───── Data section

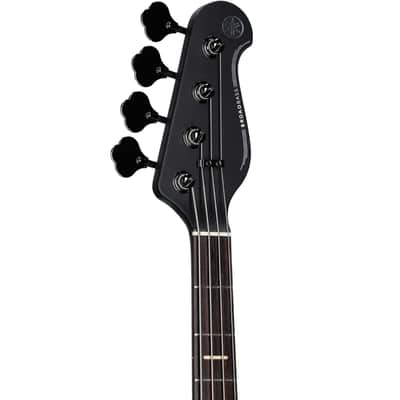 Yamaha Fired Red 4-String Bb 700 Bass image 7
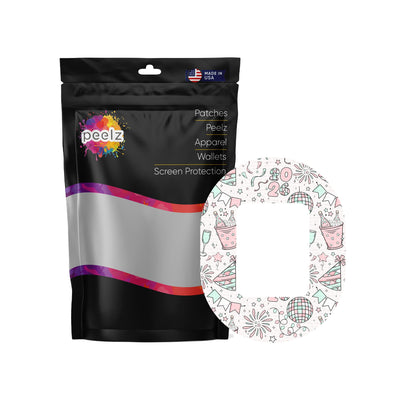 Cheers to '26 Tandem Mobi Patch Tape - Pump Peelz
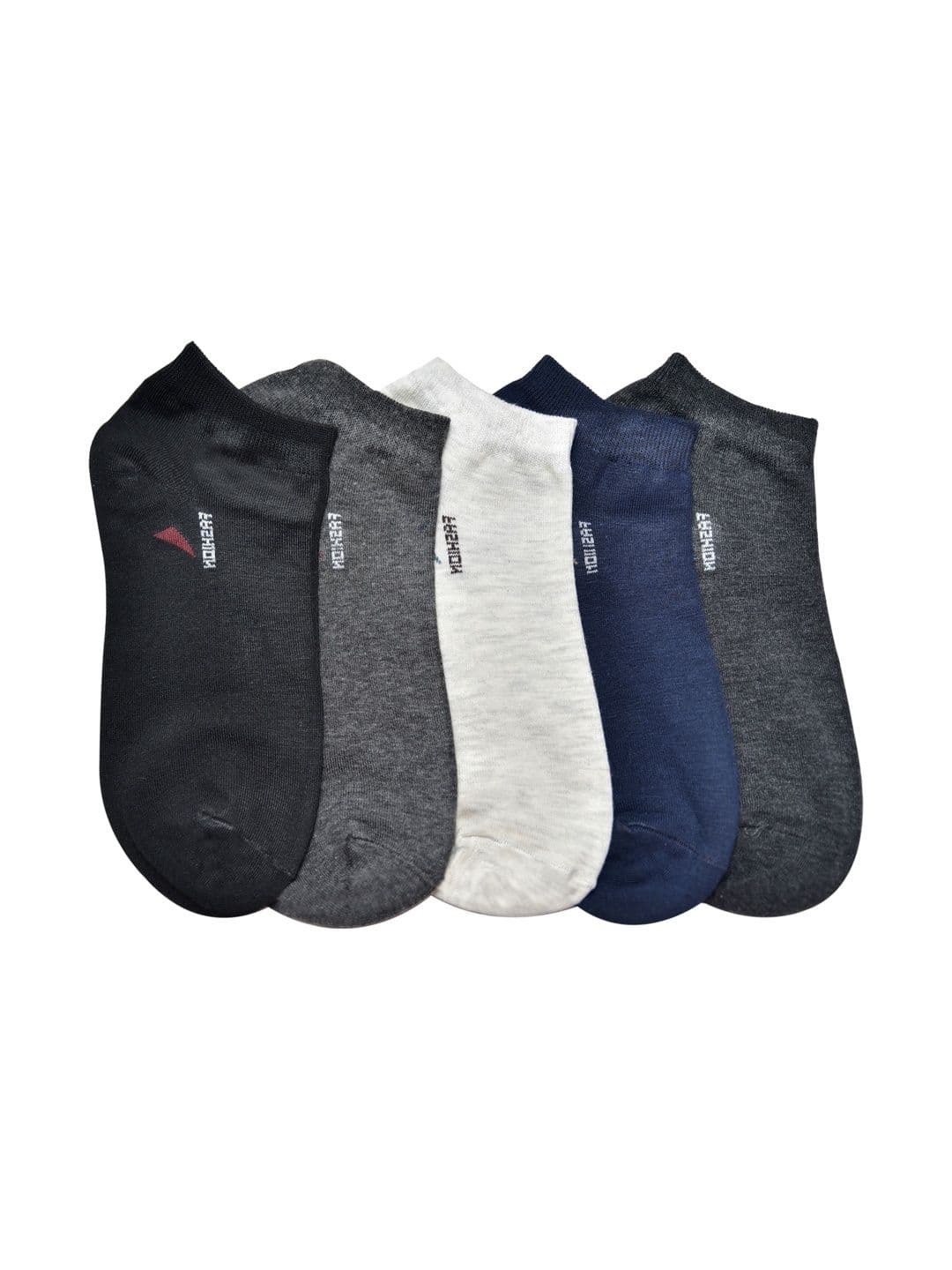 VIPUN Men Pack of 5 Cotton Ankle Length Socks - view 1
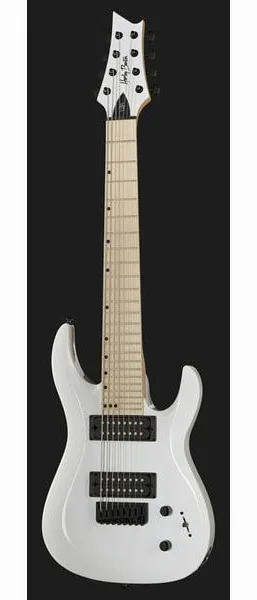 Harley Benton R-458MN WH Progressive Series, yksityiskohta 2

──────────

- Requirement:
Would you repeat each line of the listing exactly, skipping any picture?

- Solution:
 Yamaha Fired Red 4-String Bb 700 Bass image 7
 Cheers to '26 Tandem Mobi Patch Tape - Pump Peelz
 VIPUN Men Pack of 5 Cotton Ankle Length Socks - view 1
 Harley Benton R-458MN WH Progressive Series, yksityiskohta 2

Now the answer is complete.